— WHAT TO WORK ON —
Each line below must be set down exactly as it stands.

--- SOURCE DATA Enclosed Below ---

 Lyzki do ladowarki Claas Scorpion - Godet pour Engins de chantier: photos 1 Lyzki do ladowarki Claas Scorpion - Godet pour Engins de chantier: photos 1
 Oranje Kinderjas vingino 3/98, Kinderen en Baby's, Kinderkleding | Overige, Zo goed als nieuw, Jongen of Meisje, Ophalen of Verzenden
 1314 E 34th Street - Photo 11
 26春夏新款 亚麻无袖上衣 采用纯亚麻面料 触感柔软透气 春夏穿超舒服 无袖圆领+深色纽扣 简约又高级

--- End of Enclosed SOURCE DATA ---

— ANSWER AREA —
 Lyzki do ladowarki Claas Scorpion - Godet pour Engins de chantier: photos 1 Lyzki do ladowarki Claas Scorpion - Godet pour Engins de chantier: photos 1
 Oranje Kinderjas vingino 3/98, Kinderen en Baby's, Kinderkleding | Overige, Zo goed als nieuw, Jongen of Meisje, Ophalen of Verzenden
 1314 E 34th Street - Photo 11
 26春夏新款 亚麻无袖上衣 采用纯亚麻面料 触感柔软透气 春夏穿超舒服 无袖圆领+深色纽扣 简约又高级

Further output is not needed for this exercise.